"""
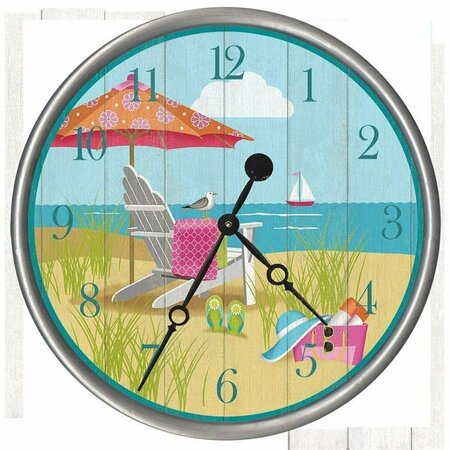 DIARIO 23 in. Vibrant Day at the Beach Wall Clock DI3670139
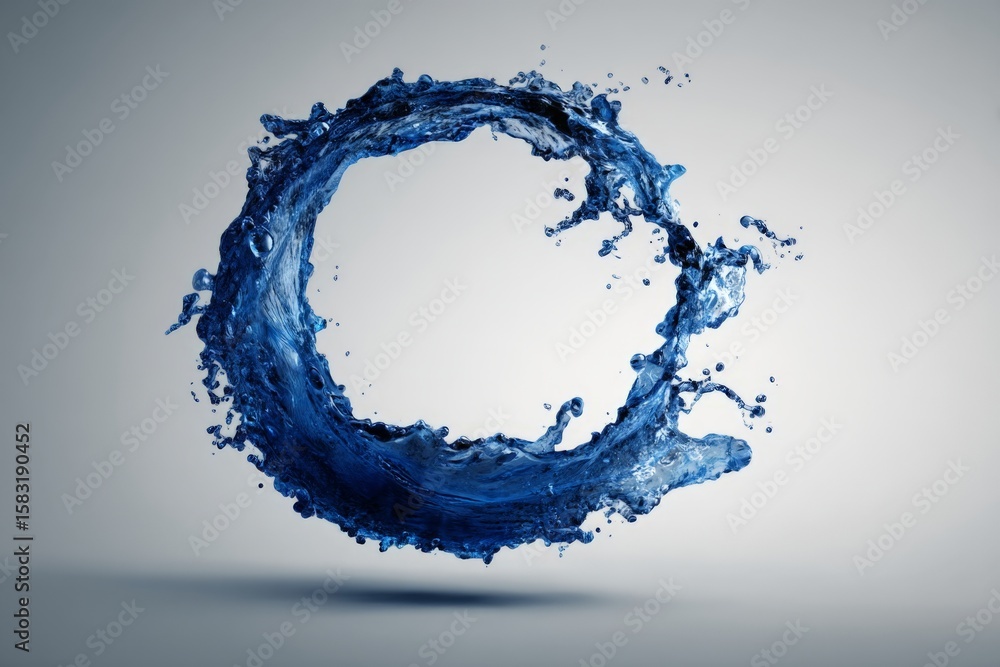 Aufkleber dynamic blue water splash capturing the essence of movement and fluidity in a circular form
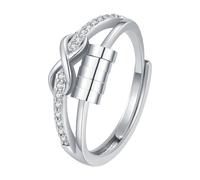 Funny Rings For Women Girls Anti Anxiety Stress Worry Adjustable Size Ring Size 5 (Silver, One Size)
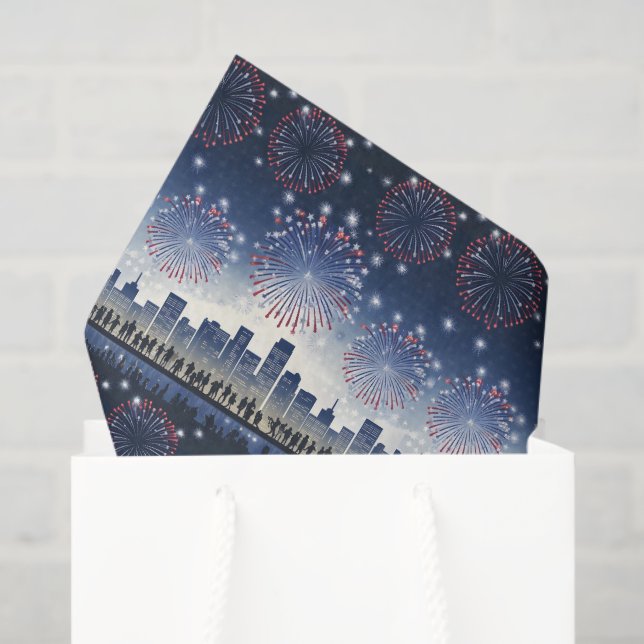 July 4th Fireworks Skyline 1776–2026 Festive Gift Seidenpapier (Geschenktüte)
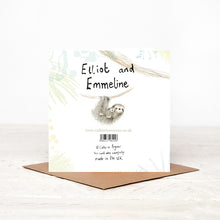 Load image into Gallery viewer, Elliot and Emmeline Sloths New Baby Card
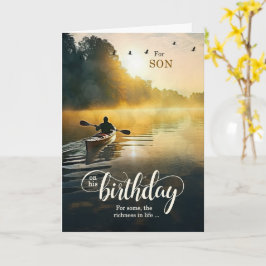 Tarjeta Para hijo en su cumpleaños remando kayak en el lag
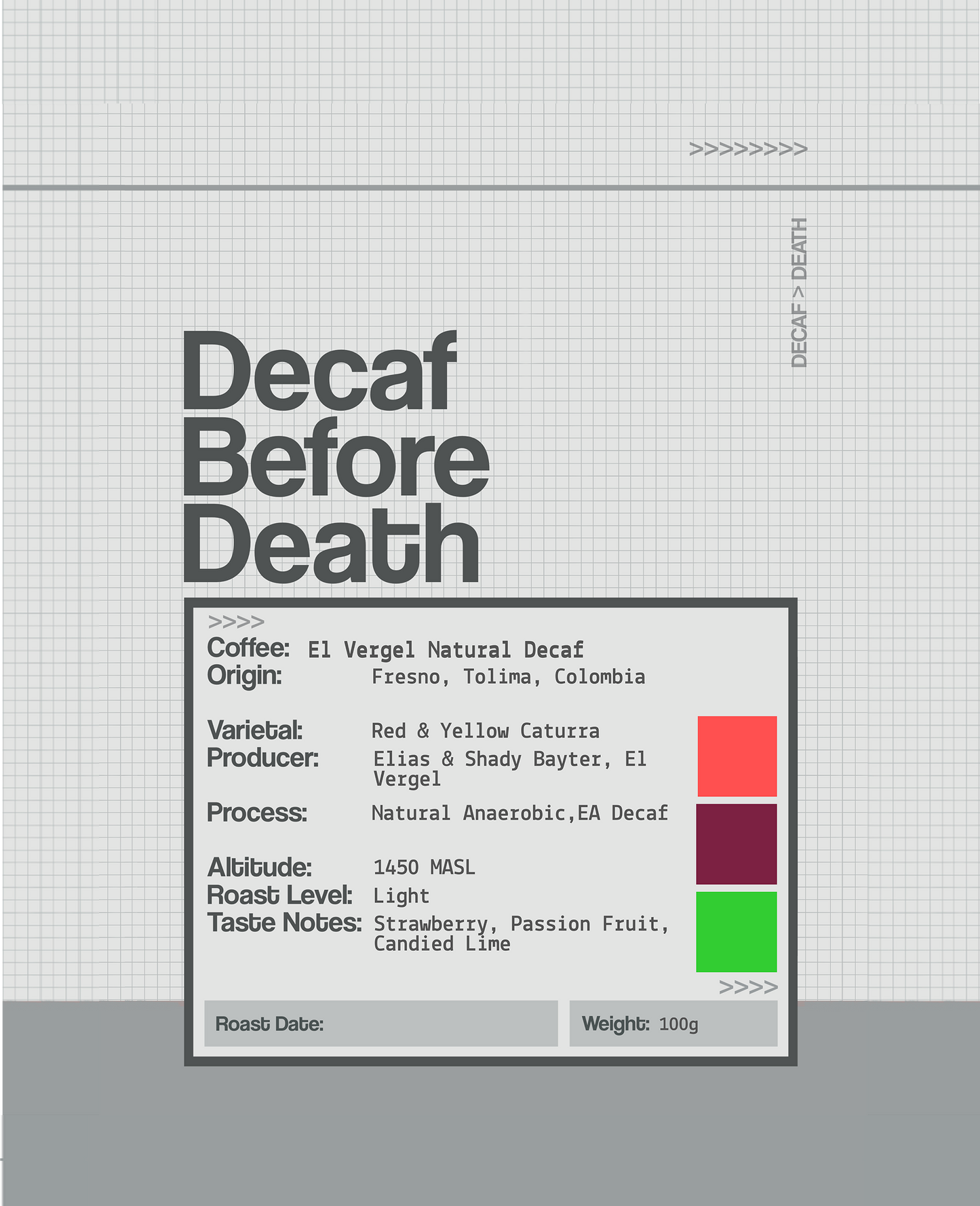 Decaf Before Death - El Vergel Natural Decaf (100g)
"""
> _Exercise details_: In the copy, no pictures are to appear; write out exactly the lines from the one containing "July 4th Fireworks" through the end of the listing above and no further lines.

> _Completed exercise_:
 July 4th Fireworks Skyline 1776–2026 Festive Gift Seidenpapier (Geschenktüte)
 Load image into Gallery viewer, Elliot and Emmeline Sloths New Baby Card
 Tarjeta Para hijo en su cumpleaños remando kayak en el lag
 Decaf Before Death - El Vergel Natural Decaf (100g)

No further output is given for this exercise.